We need to create at least 10 million jobs for gainful employment annually to meet this challenge. China pulls 1 per cent of its population out of agriculture every year by providing them jobs in the construction and manufacturing sector. Job creation of this scale has not happened in India yet.
Reaping the demographic dividend will mean creating a good human capital through human development initiatives such as education, public health, family planning and economic policies. However, key indicators show that we have fallen short of expectation and rank 134 among 177 countries on the Human Development Index. One-third of our population is still below the poverty line.
The heartening point is that our literacy rate has touched 74 per cent from just 30 per cent after Independence. However, our four high population states accounting for 44 per cent of the country's population -- Uttar Pradesh, Bihar, Rajasthan and Andhra Pradesh —have not been able to bring the literacy rate to even 70 per cent.
High population densities have led to overloaded systems and infrastructural stress in our urban areas. More than 25 per cent of the urban population lives without sanitation and 24 per cent without access to tap water. India's 72 per cent population will be urbanised by 2030. At this trajectory, India will require the construction of 3.6 million housing units in each year, besides 66,000 new primary schools and 3,000 new health centres. Good connectivity, sanitation and health services are all more important for the population to function.
To sustain economic growth, it is important, therefore, to stabilise the population growth by implementing a combination of short- and long-term measures, bringing down disparities between different regions, societies and ethnic groups. There can be no two ways to reduce the fertility rate of 2.72 to the replacement level of growth.

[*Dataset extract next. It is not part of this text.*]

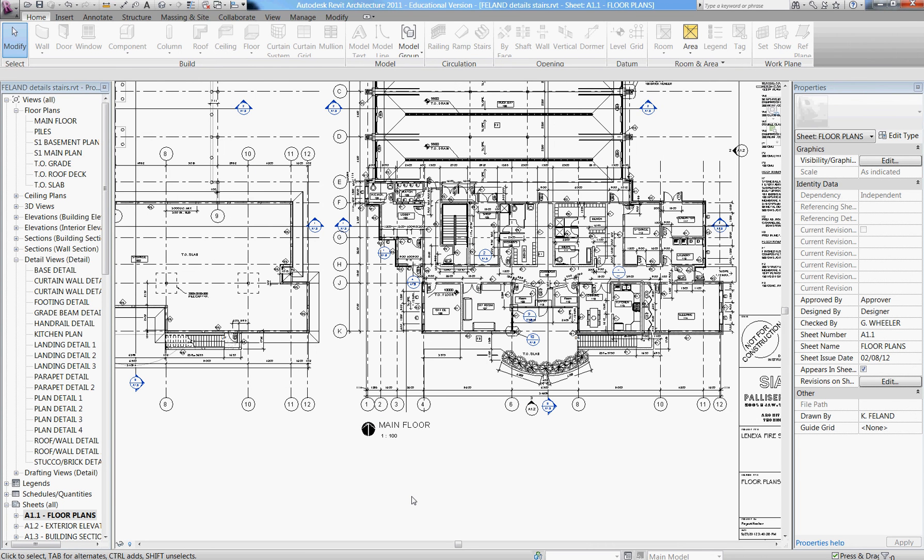And that's how you edit an annotation family. Once you've done it one time, it will be available in that metric library for future projects.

Statistics show that India's poorest and most illiterate states — Uttar Pradesh, Bihar, Rajasthan and Madhya Pradesh — have the highest average fertility rate of 4.3. On the other hand, states like Kerala, Tamil Nadu and Karnataka have fertility rates equal or slightly higher than the replacement level of 2.1. This has been possible as the governments in these states have focussed on human development, opened up local economies and improved social services.

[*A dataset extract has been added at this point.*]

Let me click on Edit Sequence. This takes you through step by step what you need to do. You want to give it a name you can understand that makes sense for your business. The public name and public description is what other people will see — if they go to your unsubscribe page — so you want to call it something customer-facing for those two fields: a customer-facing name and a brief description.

An improvement in women's and children's health has always brought down infant mortality rates and a decline in child birth rates. Similarly, literacy of women, longer stay in schools tend to decrease fertility rate of women. Indeed, life expectancy of Kerala is higher than that of China's 71 years. The female-male ratio of Kerala is again 1.06 which is comparable to China's 0.94 and exactly as it is in North America and Western Europe. In South Korea, two factors planned by the government have brought a rapid "demographic transition". First, the population became urbanised as they were given jobs and second, the government gave high priority to birth control education and contraceptive use. The high literacy rate was another important factor to bring the demographic advantage.
There is need, therefore, to shift the population policy objectives in favour of human development in India at the earliest. Fewer children also mean more income for parents and more spending by the nation on physical capital. Declining fertility means more women can join the workforce, reducing the dependency further. More workers mean more savings, which can fund more investment. The economic advantage of a workforce is so large that some economists attribute a sharp growth of the GDP to the increase in the working force. As human development brings up good human capital, the resurgent economic growth will bring in more employment, more income, more food and less poverty. Thus by focussing on human development, India can reap the demographic dividend that no other country can hope.